Maria Antónia M. Cardoso Leite

Antero Leite

Em carta datada de 26 de setembro de 1791, Dom Frei Caetano Brandão descrevia assim o traje das mulheres de Castro Laboreiro: Não há coisa mais fêa que o (uniforme) do sexo feminino; huma manta de Çaragoça dobrada na cabeça descendo da parte de diante até ao peito muito cozida com o rosto; de trás quasi até ao chão; hum avental da mesma, ou mantéo, sem género de refego, nem prega, polainas de panno branco, e huns tamancos muito altos, atados com diferentes corrêas; he o vestido geral de todas.
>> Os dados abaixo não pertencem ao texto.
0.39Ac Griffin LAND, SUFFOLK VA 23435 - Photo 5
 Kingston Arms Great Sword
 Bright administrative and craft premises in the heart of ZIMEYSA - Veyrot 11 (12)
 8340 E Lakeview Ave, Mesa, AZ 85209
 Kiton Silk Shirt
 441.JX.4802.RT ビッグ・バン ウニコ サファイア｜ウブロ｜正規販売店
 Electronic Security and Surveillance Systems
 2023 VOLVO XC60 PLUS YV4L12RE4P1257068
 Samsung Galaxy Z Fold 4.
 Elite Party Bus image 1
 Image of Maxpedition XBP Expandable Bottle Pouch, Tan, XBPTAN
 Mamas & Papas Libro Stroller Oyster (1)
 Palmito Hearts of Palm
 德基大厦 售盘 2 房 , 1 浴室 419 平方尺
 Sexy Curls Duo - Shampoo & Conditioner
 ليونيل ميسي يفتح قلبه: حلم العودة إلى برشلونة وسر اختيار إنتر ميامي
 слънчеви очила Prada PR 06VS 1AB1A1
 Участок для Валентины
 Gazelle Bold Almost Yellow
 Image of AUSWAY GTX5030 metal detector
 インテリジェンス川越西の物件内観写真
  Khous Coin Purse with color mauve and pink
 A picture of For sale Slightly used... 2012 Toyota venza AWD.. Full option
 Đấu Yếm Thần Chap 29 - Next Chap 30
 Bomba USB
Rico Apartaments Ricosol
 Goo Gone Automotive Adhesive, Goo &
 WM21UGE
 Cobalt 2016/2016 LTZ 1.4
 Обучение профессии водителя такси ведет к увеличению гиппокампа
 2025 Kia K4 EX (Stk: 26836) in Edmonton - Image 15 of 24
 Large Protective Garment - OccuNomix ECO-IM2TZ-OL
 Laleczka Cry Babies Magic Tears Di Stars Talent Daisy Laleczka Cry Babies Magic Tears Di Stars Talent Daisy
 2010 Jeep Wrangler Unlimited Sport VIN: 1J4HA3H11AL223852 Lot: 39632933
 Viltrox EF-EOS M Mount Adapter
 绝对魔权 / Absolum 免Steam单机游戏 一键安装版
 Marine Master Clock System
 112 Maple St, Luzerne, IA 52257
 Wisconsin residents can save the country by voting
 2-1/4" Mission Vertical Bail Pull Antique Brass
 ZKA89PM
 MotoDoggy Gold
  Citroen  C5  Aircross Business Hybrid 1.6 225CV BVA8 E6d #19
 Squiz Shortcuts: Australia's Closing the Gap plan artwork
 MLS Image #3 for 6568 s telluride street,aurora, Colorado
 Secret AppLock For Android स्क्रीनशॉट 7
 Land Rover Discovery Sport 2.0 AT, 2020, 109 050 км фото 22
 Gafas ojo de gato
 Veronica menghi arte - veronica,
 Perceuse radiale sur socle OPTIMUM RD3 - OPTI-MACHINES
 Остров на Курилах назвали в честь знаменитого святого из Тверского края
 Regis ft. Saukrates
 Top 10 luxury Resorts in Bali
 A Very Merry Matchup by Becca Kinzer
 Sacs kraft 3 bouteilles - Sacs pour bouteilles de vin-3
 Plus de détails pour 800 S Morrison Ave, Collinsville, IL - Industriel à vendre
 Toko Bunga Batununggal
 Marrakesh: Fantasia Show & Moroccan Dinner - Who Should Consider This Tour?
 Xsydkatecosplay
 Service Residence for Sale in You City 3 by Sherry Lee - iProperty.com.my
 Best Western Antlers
A esta fealdade no trajar, Dom Frei Caetano Brandão acrescentou liminarmente a sua apreciação sobre os rostos das castrejas: as caras são de tapuyas tostadas e disformes.

No ‘Minho Pitoresco’, cerca de um século depois, José Augusto Vieira exprimia uma opinião diferente ao afirmar a castreja com quem conversamos, assim como todas as que se relacionaram comnosco, de tracto afável e simples, modesta e com uma physionomia expressiva. Em todas encontramos uma regularidade de traços, formando um conjunto agradável e sympathico.

As peças mais originais do costume, ou trajo, que vestiam eram: a mantela, espécie de lenço para a cabeça, o collete, o manteo largo deitado desde os hombros até aos joelhos, as piugas e os tamancos que dão à castreja a pequenez do pé, como acontece na China com os borzeguins das altas damas. Chamam-lhes na linguagem local «alabardeiros».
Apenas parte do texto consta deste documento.